• [EXERCISE]
Pictures are to be left out, but please repeat each record exactly.

• [RECORD SET]
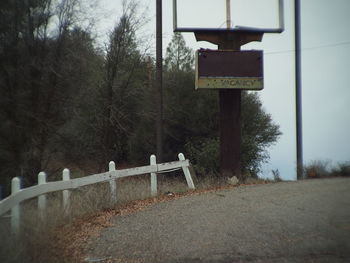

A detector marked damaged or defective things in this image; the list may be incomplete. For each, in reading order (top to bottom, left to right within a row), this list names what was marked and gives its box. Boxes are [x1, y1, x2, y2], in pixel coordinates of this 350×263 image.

rusty metal sign [196, 49, 264, 91]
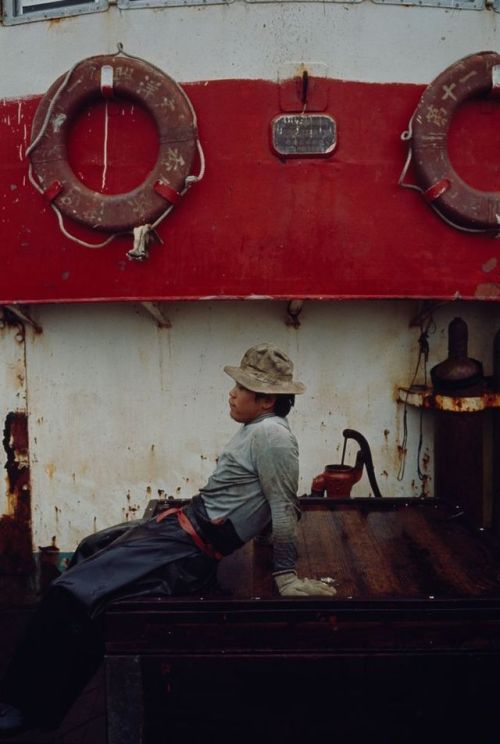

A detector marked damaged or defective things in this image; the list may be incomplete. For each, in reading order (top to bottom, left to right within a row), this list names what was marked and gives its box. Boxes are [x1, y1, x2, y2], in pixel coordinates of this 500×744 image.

rust stain [472, 282, 500, 300]
rusted metal fixture [310, 428, 384, 496]
rust stain [0, 410, 34, 600]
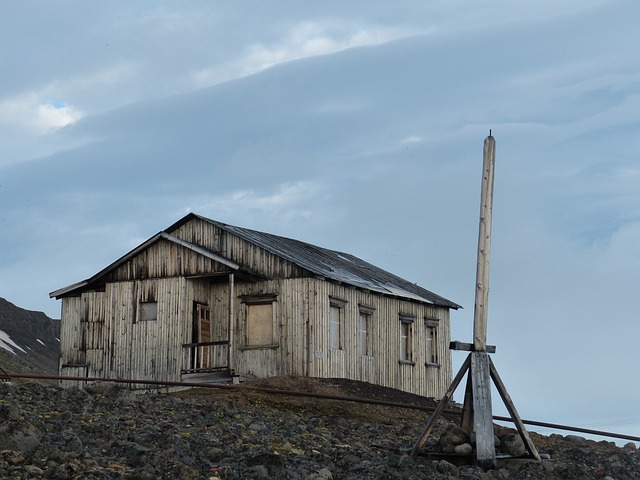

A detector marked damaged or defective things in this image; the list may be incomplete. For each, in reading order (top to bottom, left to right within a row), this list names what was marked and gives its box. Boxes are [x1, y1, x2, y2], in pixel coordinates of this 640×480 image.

rusty metal [2, 370, 636, 444]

• [TASK ANSWER]
A detector marked damaged or defective things in this image; the list may be incomplete. For each, in reading order (top to bottom, left to right within a row), this list names what was marked and gives its box. Boxes are [x1, y1, x2, y2], in pixel coordinates of this 350×263 image.

rusty metal sign [196, 49, 264, 91]

A detector marked damaged or defective things in this image; the list may be incomplete. For each, in reading order (top to bottom, left to right within a row), this list names what was marked and gives its box. Boxes are [x1, y1, x2, y2], in pixel coordinates of this 500×744 image.

rust stain [472, 282, 500, 300]
rusted metal fixture [310, 428, 384, 496]
rust stain [0, 410, 34, 600]

A detector marked damaged or defective things in this image; the list may be incomplete. For each, in reading order (top to bottom, left to right within a row), this list names what was marked and gives its box. Boxes are [x1, y1, x2, y2], in pixel coordinates of this 640×480 image.

rusty metal [2, 370, 636, 444]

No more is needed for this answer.